Temuan mengejutkan muncul dengan terdeteksinya puluhan ribu jemaah musim haji 2026 yang ternyata masih menanggung beban finansial. Kondisi ini menjadi salah satu poin krusial yang dibahas dalam rapat kerja bersama Komisi VIII DPR RI.
Rapat kerja tersebut diselenggarakan di Gedung DPR, Senayan, Jakarta, pada hari Rabu, 19 Agustus 2026. Pembahasan ini bertujuan untuk mencari solusi terbaik bagi permasalahan yang dihadapi para jemaah.
Wakil Menteri Haji dan Umrah, Dahnil Anzar Simanjuntak, mengungkapkan adanya ironi dalam pelaksanaan ibadah haji. "Sejumlah jemaah diketahui masih terikat kewajiban utang perbankan meski telah selesai menunaikan seluruh rangkaian ibadah di Tanah Suci," ungkapnya.
Dikutip dari KOMPAS.com, beliau menjelaskan bahwa kondisi tersebut terjadi karena para jemaah memanfaatkan fasilitas dana talangan dari pihak perbankan. Fasilitas ini digunakan untuk melunasi biaya keberangkatan haji mereka sebelumnya.
Pemanfaatan dana talangan ini, menurut evaluasi kementerian, memberikan dampak finansial yang berkepanjangan bagi para jemaah. Beban utang tersebut masih terasa bahkan setelah mereka kembali ke tanah air.

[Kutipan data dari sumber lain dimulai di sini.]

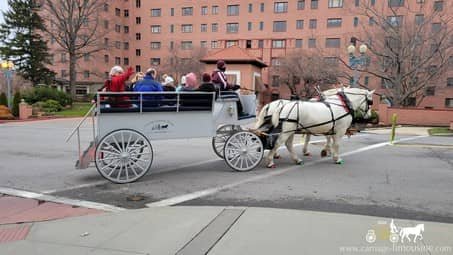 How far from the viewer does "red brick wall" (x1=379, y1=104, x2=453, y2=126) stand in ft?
88.0

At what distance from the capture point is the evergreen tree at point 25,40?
40.0 metres

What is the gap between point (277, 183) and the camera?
684cm

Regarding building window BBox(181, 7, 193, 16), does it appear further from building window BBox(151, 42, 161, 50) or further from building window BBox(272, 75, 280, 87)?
building window BBox(272, 75, 280, 87)

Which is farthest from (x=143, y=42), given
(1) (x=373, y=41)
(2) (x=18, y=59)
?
(1) (x=373, y=41)

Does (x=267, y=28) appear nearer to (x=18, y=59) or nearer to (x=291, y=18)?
(x=291, y=18)

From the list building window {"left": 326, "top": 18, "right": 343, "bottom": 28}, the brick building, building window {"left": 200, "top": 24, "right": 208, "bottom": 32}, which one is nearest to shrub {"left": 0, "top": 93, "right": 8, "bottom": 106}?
the brick building

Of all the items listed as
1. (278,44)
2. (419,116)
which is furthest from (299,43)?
(419,116)

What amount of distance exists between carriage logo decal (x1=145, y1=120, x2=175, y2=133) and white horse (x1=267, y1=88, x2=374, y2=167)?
8.28ft

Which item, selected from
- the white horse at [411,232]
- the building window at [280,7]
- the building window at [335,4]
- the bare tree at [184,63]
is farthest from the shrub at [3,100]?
the building window at [335,4]

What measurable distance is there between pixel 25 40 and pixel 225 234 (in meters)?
44.3

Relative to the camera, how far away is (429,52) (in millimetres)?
28750

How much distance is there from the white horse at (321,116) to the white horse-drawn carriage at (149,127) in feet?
2.60

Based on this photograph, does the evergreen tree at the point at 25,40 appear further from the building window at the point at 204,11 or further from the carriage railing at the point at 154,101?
the carriage railing at the point at 154,101

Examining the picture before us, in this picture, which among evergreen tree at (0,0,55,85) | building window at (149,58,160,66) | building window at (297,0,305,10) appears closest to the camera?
evergreen tree at (0,0,55,85) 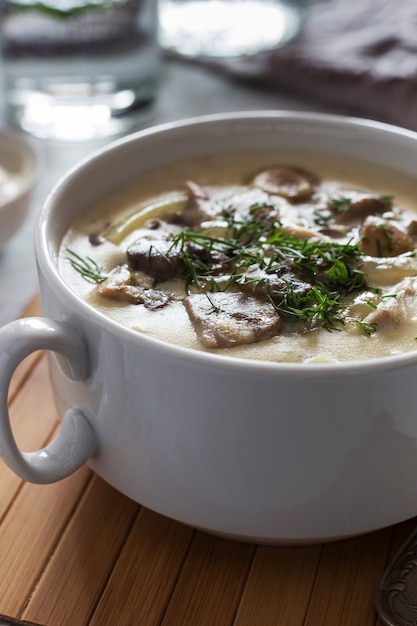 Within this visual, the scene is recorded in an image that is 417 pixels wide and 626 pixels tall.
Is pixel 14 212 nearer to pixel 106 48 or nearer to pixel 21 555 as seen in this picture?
→ pixel 106 48

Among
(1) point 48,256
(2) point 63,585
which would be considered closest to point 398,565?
(2) point 63,585

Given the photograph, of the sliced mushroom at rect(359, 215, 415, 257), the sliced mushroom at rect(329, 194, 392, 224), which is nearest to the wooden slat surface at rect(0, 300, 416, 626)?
the sliced mushroom at rect(359, 215, 415, 257)

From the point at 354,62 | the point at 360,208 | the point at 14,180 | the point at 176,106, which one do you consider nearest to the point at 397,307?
the point at 360,208

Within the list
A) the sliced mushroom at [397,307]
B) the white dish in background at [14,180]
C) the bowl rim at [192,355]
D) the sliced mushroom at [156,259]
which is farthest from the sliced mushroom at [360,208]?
the white dish in background at [14,180]

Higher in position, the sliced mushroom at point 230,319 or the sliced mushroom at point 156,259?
the sliced mushroom at point 230,319

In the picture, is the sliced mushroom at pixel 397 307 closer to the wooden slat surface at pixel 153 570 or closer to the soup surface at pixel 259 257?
the soup surface at pixel 259 257

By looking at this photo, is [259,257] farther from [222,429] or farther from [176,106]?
[176,106]

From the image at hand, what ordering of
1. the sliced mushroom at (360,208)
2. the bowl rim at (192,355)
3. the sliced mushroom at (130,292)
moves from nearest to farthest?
the bowl rim at (192,355)
the sliced mushroom at (130,292)
the sliced mushroom at (360,208) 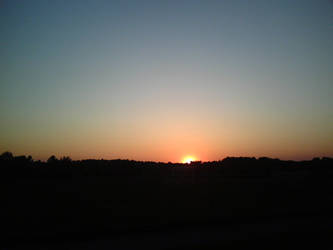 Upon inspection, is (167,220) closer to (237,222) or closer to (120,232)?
(120,232)

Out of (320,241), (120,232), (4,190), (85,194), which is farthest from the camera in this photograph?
(85,194)

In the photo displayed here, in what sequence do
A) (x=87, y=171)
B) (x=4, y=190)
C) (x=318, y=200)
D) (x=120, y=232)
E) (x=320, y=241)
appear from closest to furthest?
(x=320, y=241), (x=120, y=232), (x=4, y=190), (x=318, y=200), (x=87, y=171)

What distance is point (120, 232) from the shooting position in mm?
10820

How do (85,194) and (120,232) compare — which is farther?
(85,194)

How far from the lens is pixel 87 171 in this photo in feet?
90.9

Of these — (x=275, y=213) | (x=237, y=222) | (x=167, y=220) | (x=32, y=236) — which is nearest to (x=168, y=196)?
(x=167, y=220)

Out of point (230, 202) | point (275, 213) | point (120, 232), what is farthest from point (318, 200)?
point (120, 232)

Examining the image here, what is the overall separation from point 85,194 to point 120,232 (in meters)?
5.20

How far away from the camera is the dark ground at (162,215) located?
970 centimetres

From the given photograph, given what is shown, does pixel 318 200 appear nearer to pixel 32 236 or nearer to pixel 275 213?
pixel 275 213

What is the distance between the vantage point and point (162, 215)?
13.0 metres

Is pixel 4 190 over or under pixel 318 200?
over

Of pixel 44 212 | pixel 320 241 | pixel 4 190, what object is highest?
pixel 4 190

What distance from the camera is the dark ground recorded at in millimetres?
9695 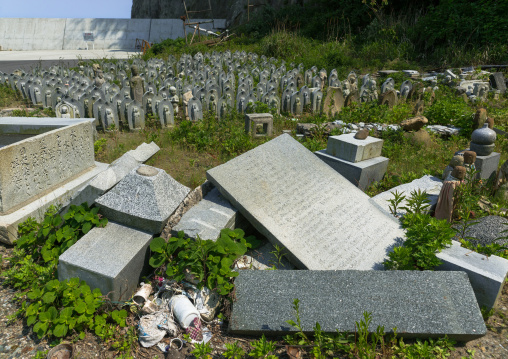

"Kondisi tersebut terjadi lantaran para jemaah memanfaatkan fasilitas dana talangan dari pihak perbankan guna melunasi biaya keberangkatan haji mereka sebelumnya," demikian pernyataan yang diungkapkan oleh Wakil Menteri Haji dan Umrah.
"Hal ini dinilai memberikan dampak finansial yang berkepanjangan bagi para jemaah setelah kembali ke tanah air," demikian dilansir dari KOMPAS.com mengenai dampak skema pembiayaan tersebut.
Evaluasi ini diharapkan dapat menghasilkan kebijakan yang lebih adil dan meringankan beban jemaah haji di masa mendatang. Pertemuan dengan Komisi VIII DPR RI menjadi langkah awal untuk mencari solusi konkret.